In total, the British giant's total tab for the disaster, including other settlements, penalties, fees and cleaning expenses, is expected to be over $50 billion.
- U.S. weekly crude oil inventories
U.S. weekly crude oil inventories decreased for the first time in 8 weeks.
Federal Reserve officials are divided on a decision whether to raise interest rates in April, according to minutes released Wednesday from the group’s March meeting.
Federal Reserve Chair Janet Yellen said Thursday that she does not believe the U.S. economy is a bubble. At the meeting when Yellen was joined by three of her predecessors -- Ben Bernanke, Alan Greenspan and Paul Volcker – the Fed heavyweights discussed significant issues of the U.S. economy.
The global rating agency Moody's has kept Turkey's credit rating unchanged, it was announced late Friday.
Moody's downgraded ratings of three major oil companies -- Royal Dutch Shell, Total S.A., and Chevron.
- Oil production freeze
Kuwait OPEC Governor Nawal Al-Fuzaia said OPEC and major non-OPEC countries are likely to agree on an oil production freeze deal on April 17.
The week ahead
– All eyes on Doha oil price freeze meeting
All eyes will be in Doha, Qatar this week as major oil producing countries – non-OPEC Russia, OPEC heavyweight Saudi Arabia, and 13 others -- will meet on April 17 to discuss the global oil market and the plummeting prices.
Venezuela, Russia, Saudi Arabia and Qatar had first proposed in February to freeze their individual oil output at January levels to trim the glut of supply in the global market.
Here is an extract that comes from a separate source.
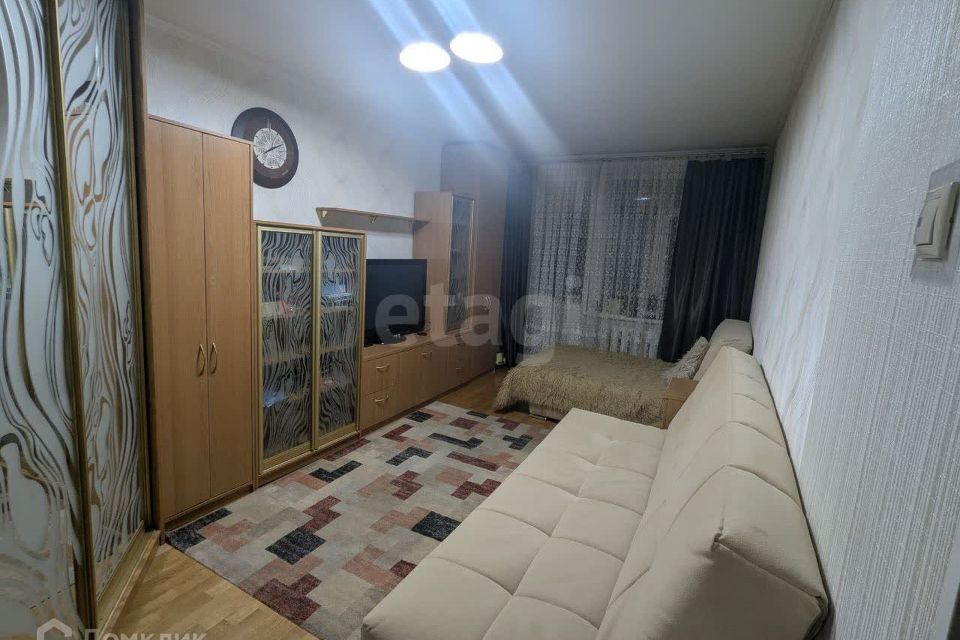 Продаётся 2-комнатная квартира, 43.8 м²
While Iran said it would not freeze its oil production but would increase its crude exports after the sanctions removal, it is nonetheless expected to participate in the Doha meeting on Sunday.
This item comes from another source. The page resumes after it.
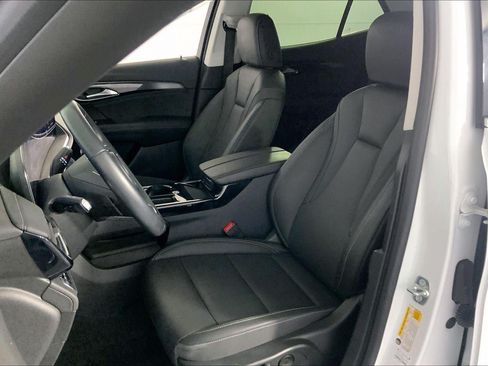 Used 2025 Buick Envision Preferred AWD/4WD image 22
Meanwhile, the global crude market has already begun pricing in the positive impact of a potential successful deal at the Doha meeting and this has been reflected on crude prices. Global benchmark Brent crude climbed above $40 per barrel early Monday and American benchmark was just below $38 a barrel - both benchmarks reflecting a rising trend.
Provided there is no a sudden unexpected jump in the value of the U.S. dollar this week, or in the U.S. weekly crude oil inventory data on Wednesday, oil prices could rise to challenge the $50 per barrel mark, and may even surpass this threshold if the Doha meeting concludes successfully with an agreement on freezing output levels.
The recent price rise, however, is mostly psychological. Many participants of the upcoming Doha meeting have agreed to freeze their output at January levels, but the production of Saudi Arabia and Russia – the world’s top two crude producers – were at their highest levels in January. This means that their decision to freeze individual output levels will not trim any oversupply in the global market and the glut will continue to increase since global crude demand still lags behind total production, due to the economic slowdown in China and Europe.
However, the psychological effect is still important since Saudi Arabia is willing to sit and discuss low oil prices. The Kingdom refused to trim its output level during OPEC’s last three meetings in November 2014, June 2015 and December 2015.
The Saudi strategy was to continue to let oil prices fall to drive high cost producers out of the market in order to increase its share in the global market. To some extent this succeeded. Oil production in the U.S. fell by 500,000 barrels per day since April 2015, while the Russian economy encountered hardships.
- Obama’s meeting with Fed Chair
In other events this week, the U.S. President Barack Obama will meet with Federal Reserve (Fed) Chair Janet Yellen on Monday to discuss the economy and possible reforms in Wall Street.
- Retail sales, producer price index and consumer price index
Retail sales for the month of the March will be announced on Wednesday. They are expected to rise by 0.1 percent, while it fell by 0.1 percent in February.
In addition, the producer price index for March is expected to rise by 0.3 percent, as opposed to a 0.2 percent fall in February.
And, consumer price index for March is expected to rise by 0.2 percent, as opposed to a 0.2 percent decline in February.